Now, let me tell you about being a writer and taxes. Most of this has come from years of Taylor’s advice and guidance and I’m probably not going to explain it thoroughly enough (because I am not an expert at all). Again, this is why I trust Taylor to do what he does and why you should schedule an appointment with him:
If you’re a writer and you’re not claiming expenses, you are missing out—especially this past year. The economics of being a writer of any stripe are unsteady, so the best way to stabilize your yearly (lack of) income is to track your expenses. If you’re a freelancer who gets regular gig work, this makes the lean times a little easier to manage.
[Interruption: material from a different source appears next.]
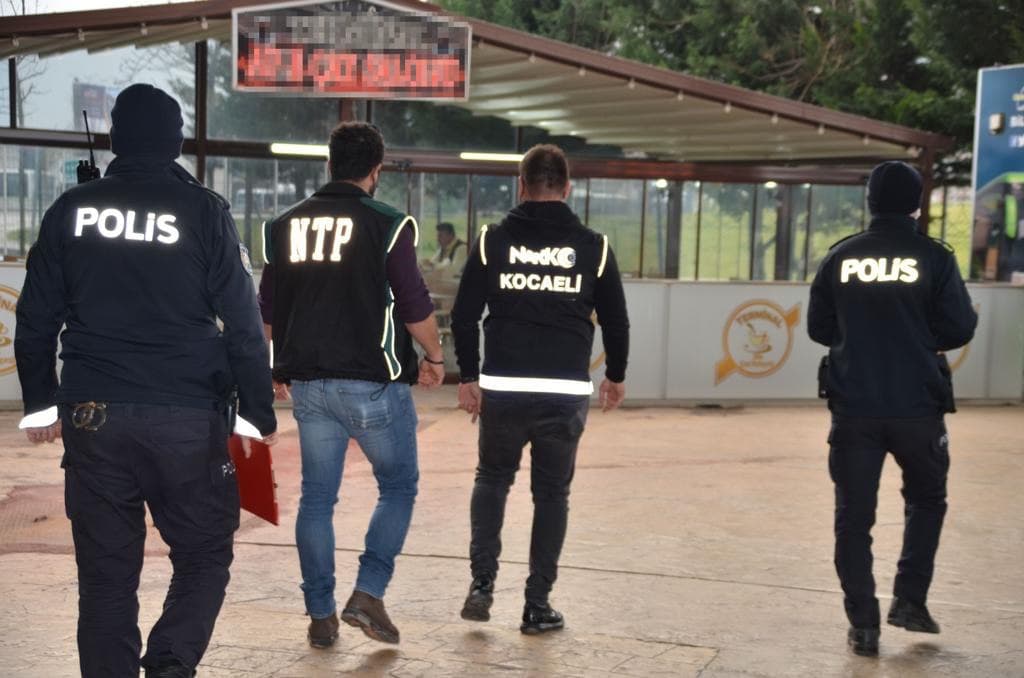 81 ilde Huzurlu Sokaklar ve Narkotik Suçları uygulaması: Aranan 986 kişi yakalandı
If you’re a long-form worker—maybe a novelist—this is a lifesaver as you await the next payment from the publishing world.
Claim a portion of your living expenses: Miracle and I had an apartment with an extra bedroom where I did my writing. The percentage of the space for that room could be claimed—25%. So 25% of our rent, renter’s insurance, and utilities counted as a business expense.
Claim your meals: This was a great one from last year because you could claim 100% of the meals prepared in a place that has a kitchen. (I guess it’s normally 50% of meals, but they are trying to spur the restaurant industry along. Again, this is something that Taylor takes care of for me; I just collect and catalog my receipts.)
Claim your vehicles accordingly: This one is a little more complicated and I rely heavily on Taylor for this write-off. Vehicles can be claimed for only mileage or for their total expenses. Once you begin to claim a vehicle a certain way, it has to remain that type of write-off forever. For us, we had two main vehicles: our Prius and the VW Bus. We claimed mileage on the Prius and total expenses on the Bus. The Prius has great gas mileage and seldom needed repairs, making it great for claiming miles. If I needed to pick up a Bus part, I took the Prius to get it, making the trip a business write-off. With the Bus, I can claim all the work on it (hello, two engines and body work!), the gasoline I put in it, and insurance and repairs.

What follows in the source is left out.